Increased concurrency won’t always lead to increased throughput. The reasons for that are described below.

Per-user RPS limit

By default, there is a 2RPS limit associated with each API key (no more than 120 responses per minute).

Note

We can increase the limit on a case-by-case basis; please open a support ticket if your use case requires a higher limit.

When the client hits the RPS limit, Zyte Data API starts returning HTTP 429 errors instead of accepting more requests. Requests over the limit are rejected with HTTP 429 error; requests which are under the limit are accepted and processed as usual.

Client is expected to handle these HTTP 429 errors, retrying them indefinitely, with the exponential back-off (i.e. increasing the time between retries). Official python-zyte-api client does it by default.

It is a good practice to configure you client not to get too many 429 errors, by having proper concurrency options: reduce the amount of connections if you’re getting a lot of 429 errors, or slow down your client in some other way. However, getting a small percent of 429 errors is normal and expected, if you want to get close to the limits of your API key.

Per-website RPS limit

Zyte Data API aims to be polite to the websites - it tries hard not to cause any issues or overload. It means that if too many requests are sent to a single website, Zyte Data API might start throttling, even if per-user rate limit is not hit.

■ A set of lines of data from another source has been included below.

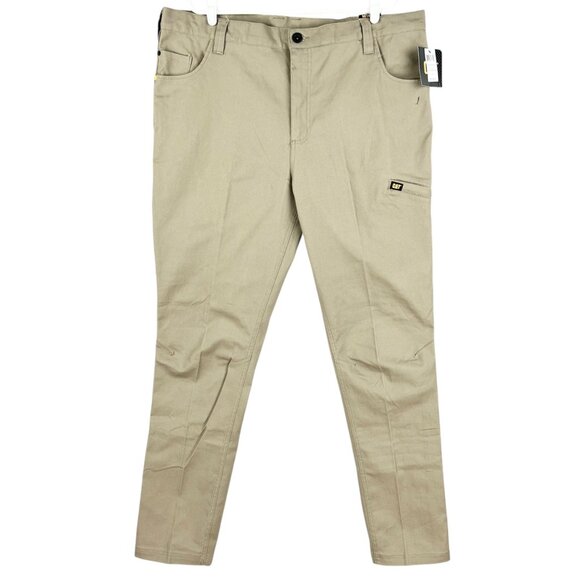 Caterpillar Men's Stretch Canvas Utility Pants 42x34 Khaki Durable Workwear NWT - Picture 1 of 12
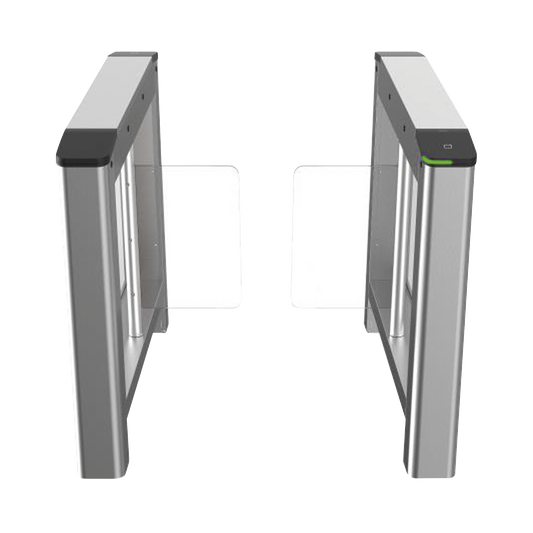 DS-K3B220LX-LR/PG-DP90 Kit de Torniquetes Swing IZQUIERDO y DERECHO / Preparación para Instalar Terminal Facial con Montaje DS-KAB6ZU1 (No incluidos) / 3,000,000 MCBF / 4 Pares de IR / Carril de 90 cms
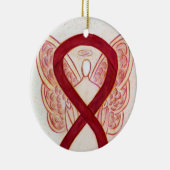 Burgund Awareness Ribbon Angel Art Ornamente (Rechts)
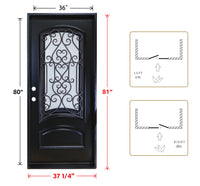 KaMic 36" x 80" Environment Damage Resistant Polyurethane Composite Exterior Entry House Front Door, Wrought Iron Door w/ Openable Tempered Rain Glass Window, Right-Hand Single Door Inward Swing Espresso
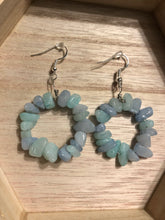 Load image into Gallery viewer, Blue Agate Crystal Chip Earrings
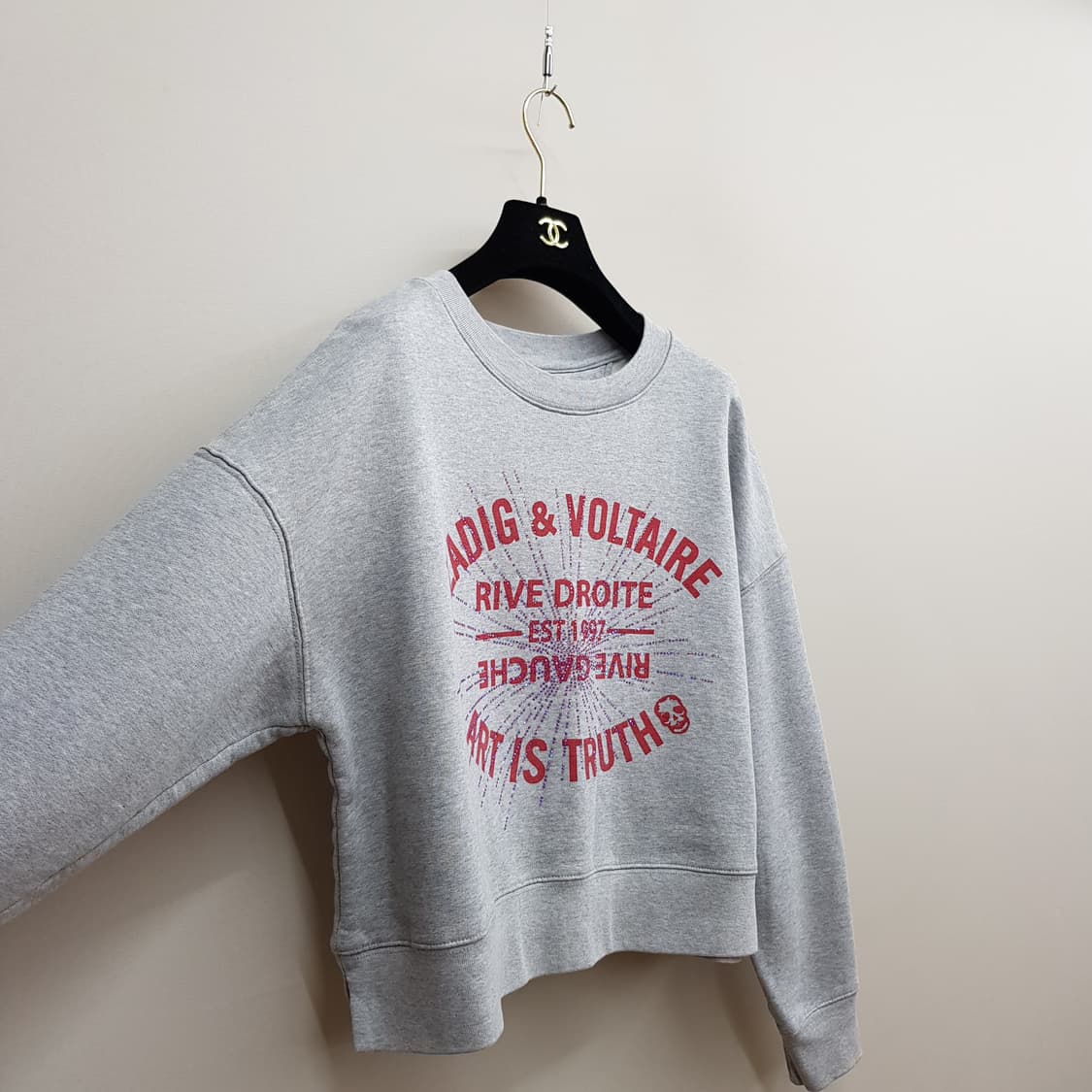 쟈딕앤볼테르 아트 그래픽 크롭 맨투맨 XS사이즈 상품이미지4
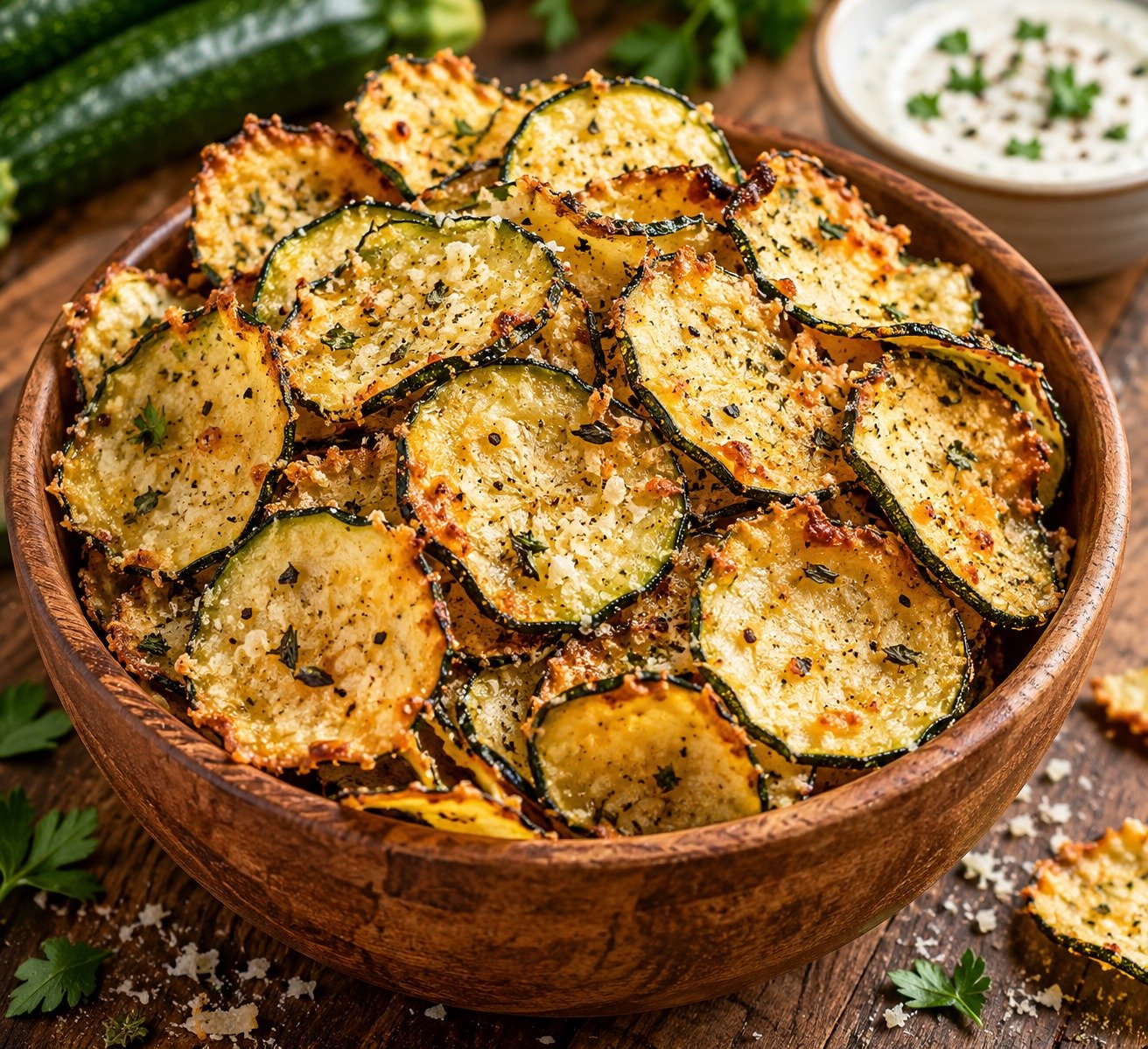 Parmesan Zucchini Chips with fresh zucchini, Parmesan, panko breadcrumbs, garlic, herbs, and crispy golden edges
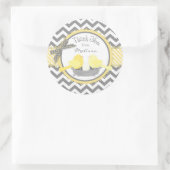 Yellow Birds Nest Egg Zickzack Print Danke Runder Aufkleber (Tasche)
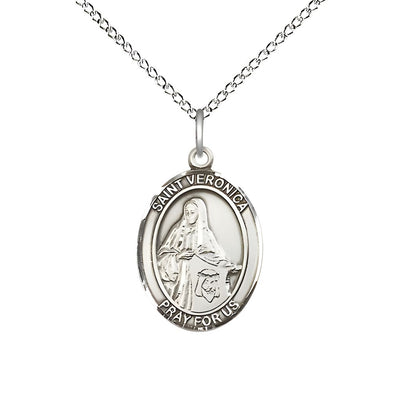 St. Veronica Sterling Silver Oval Medal Pendant with Sterling Chain, Measures 3/4-inch tall by 1/2-inch wide, Bliss Manufacturing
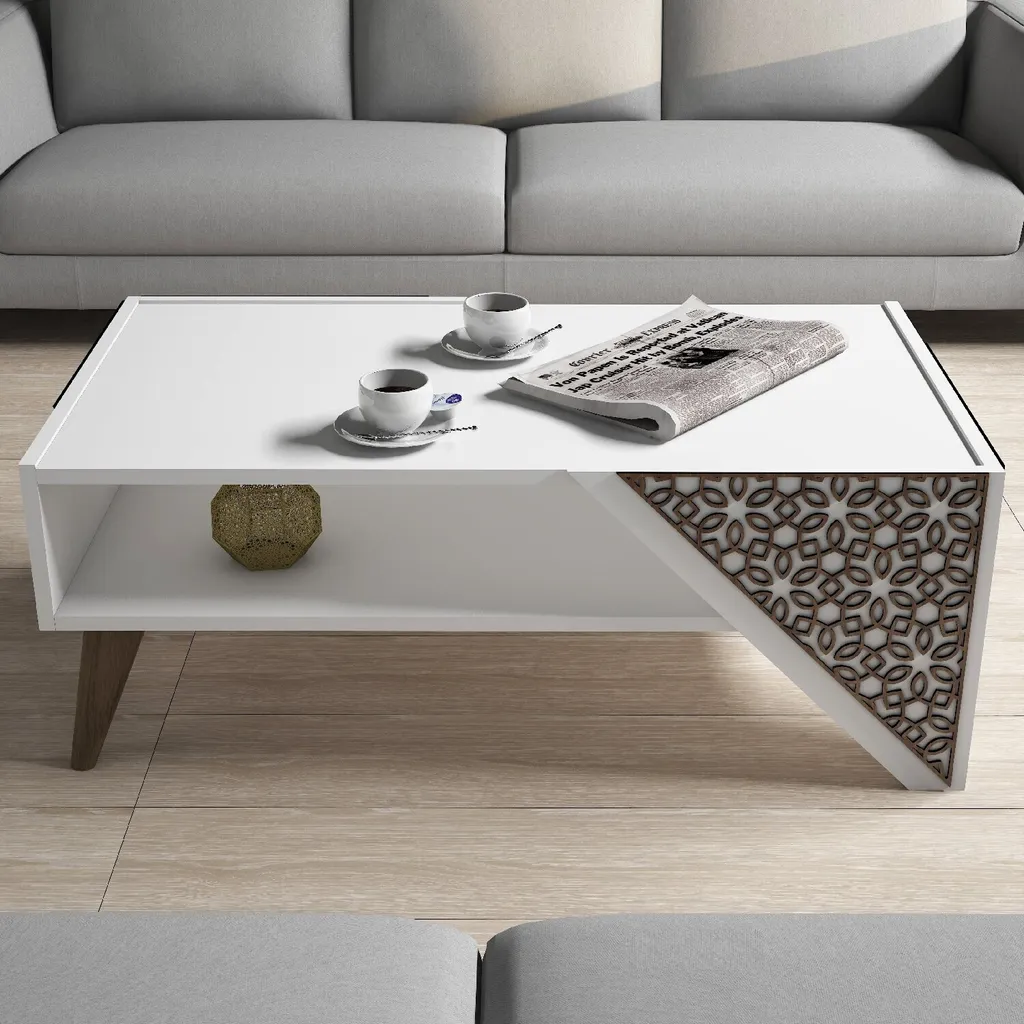 Table basse Beril Blanc 105cm - Finition Premium et Grande Robustesse - 2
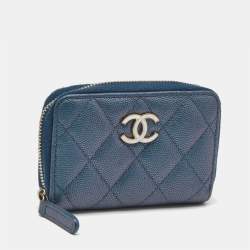 Pre Owned Chanel Blue Quilted Shimmer Caviar Leather Classic Zipped Coin Purse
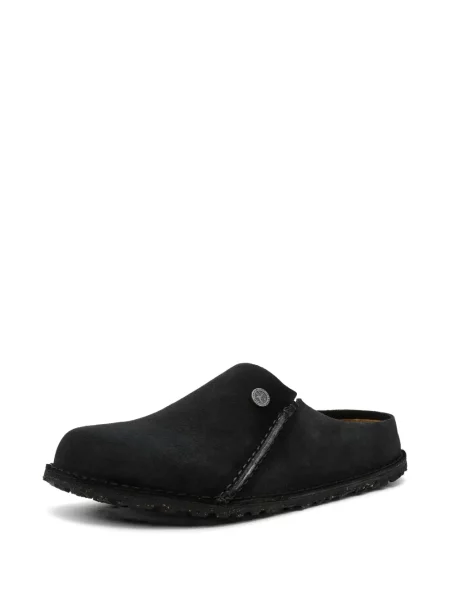 Papuci de casă Birkenstock din piele de căprioară negru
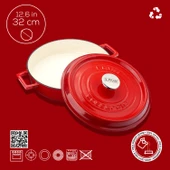 Lava Döküm Çok Amaçlı Yayvan Tencere Döküm Demir Yekpare Kulplu Edition Serisi Çap(Ø)32cm.  Kırmızı thumbnail 4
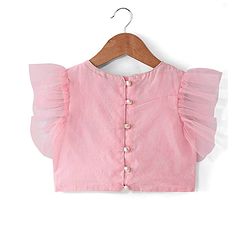 Babyhug Short Flutter Sleeves Embroidered Net Choli Lehenga And Dupatta Set - Pink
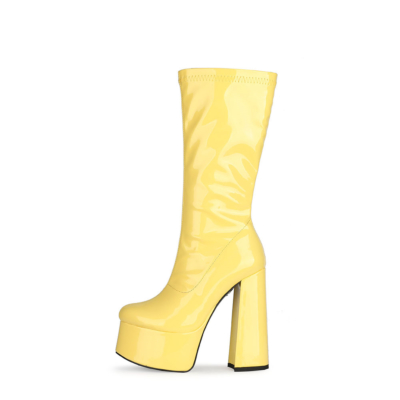Pleaser Stiefel aus gelbem Lackleder mit minimalistischem klobigem Absatz und rundem Zehenreißverschluss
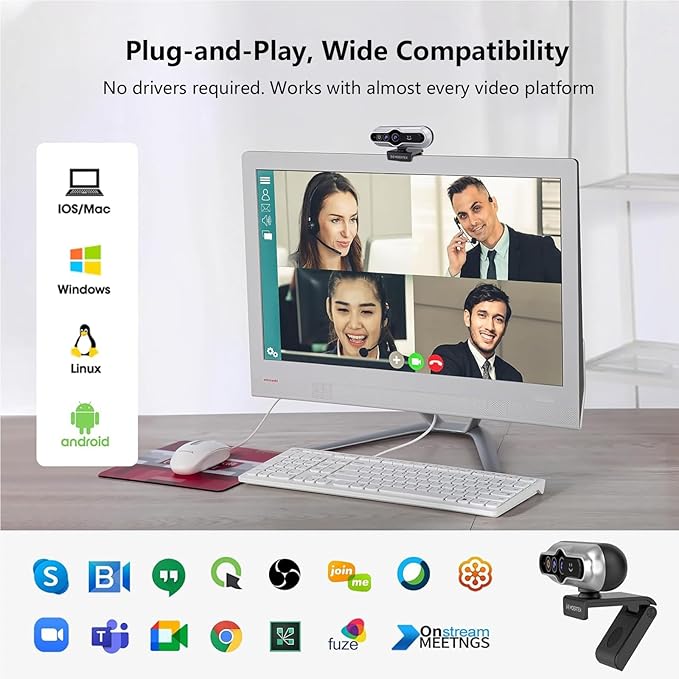 2K HD Webcam with Infrared Windows Hello Facial Recognition, Computer Camera, Privacy Cover, Noise Canceling Microphones, Laptop Webcam For Video Conferencing, Live, Streaming, Online Learning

When a per-website limit is hit, the API also returns HTTP 429 error, with “/limits/over-domain-limit” value in the “type” field. It should be handled in the same way as other HTTP 429 errors: retried with an exponential back-off (with increased time between retrials).

Other limits

When Zyte Data API is overloaded overall, it may be returning HTTP 503 errors. Such errors should be retried after a delay. Zyte Data API does this to temporary slow down some of the clients during the peak load.